Sebagai sebuah sistem pemerintahan, ‘karier’ demokrasi diawali dari sebuah polis (negara kota) yang berada di Yunani. Jumlah rakyatnya waktu itu tidak lebih dari 300 ribu orang. Partisipasi rakyat hanya terbatas kepada mereka yang dianggap sah sebagai warga sipil, karena dalam tatanan masyarakat Yunani terbagai kedalam tiga bagian yaitu masyarakat sipil, pedagang dan budak. Bagi pedagang dan budak mereka tidak memiliki hak untuk ikut dalam proses pemerintahan yang demokratis.
Penjelasan di atas mengartikan bahwa demokrasi memang hanya cocok bagi sebuah negara yang memiliki warga yang tidak terlalu banyak. Sehingga apabila terjadi perluasan wilayah, perlu adanya penyerahan wewenang yang lebih bagi pihak yang memerintah. Dari sinilah demokrasi pernah mengalami kehilangan peran karena perluasan wilayah menuntut kekuasaan yang penuh bagi negara.

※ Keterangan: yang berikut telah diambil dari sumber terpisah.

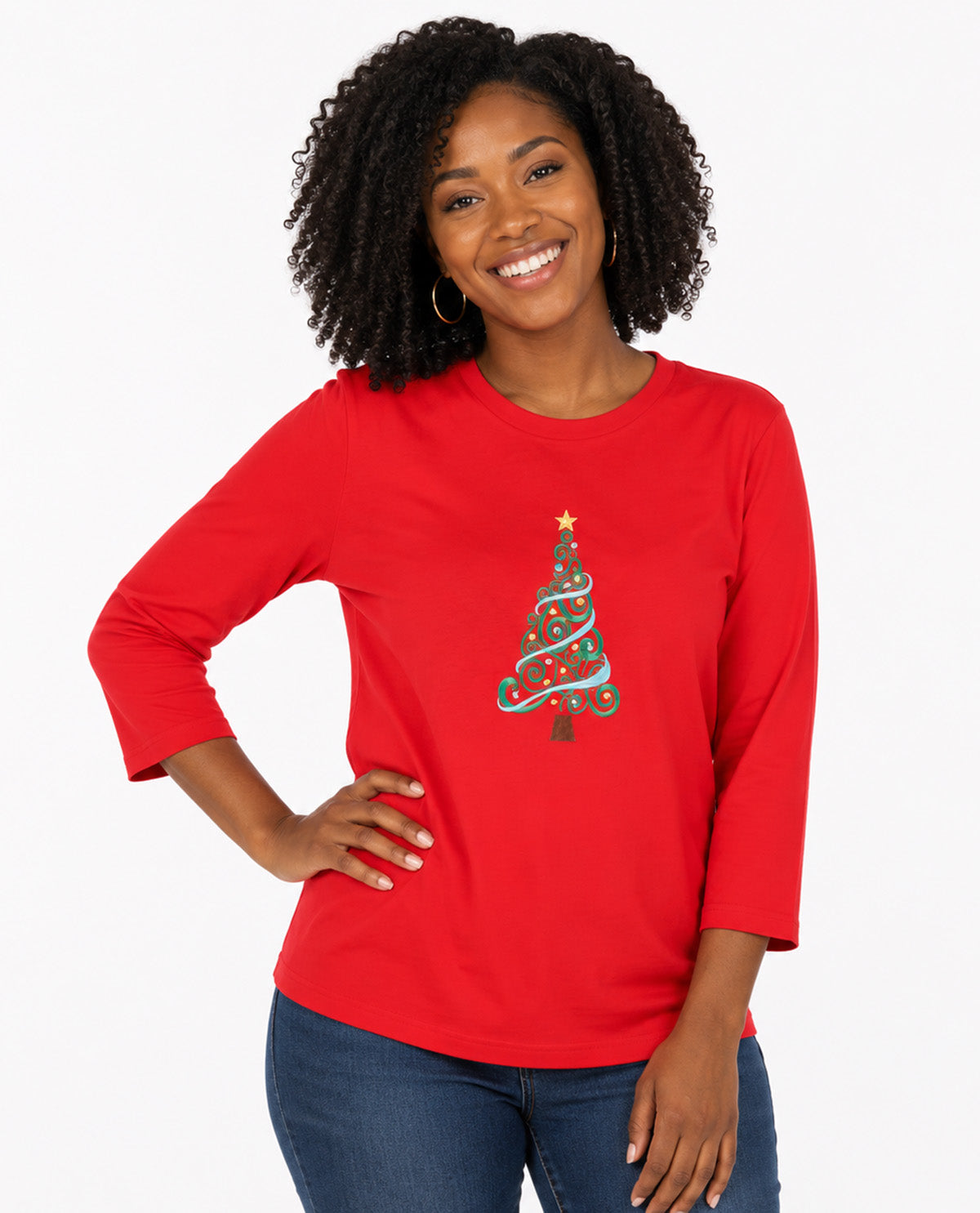 Person wearing a red top with Christmas swirly tree with a white background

Jadi dalam perjalanannya, peran serta masyarakat menjadi suatu hal yang sangat pokok dan krusial. Masyarakat dapat memantau, mengkritisi, dan turut berpartisipasi aktif dalam suatu proses kegiatan, dimana masalah-masalah dan kebutuhan lingkungan sedang dianalisa oleh badan yang berwenang. Untuk memberdayakan masyarakat, diperlukan demokrasi yang seluas-luasnya dan tetap memegang prinsip tanggung jawab setiap masyarakat.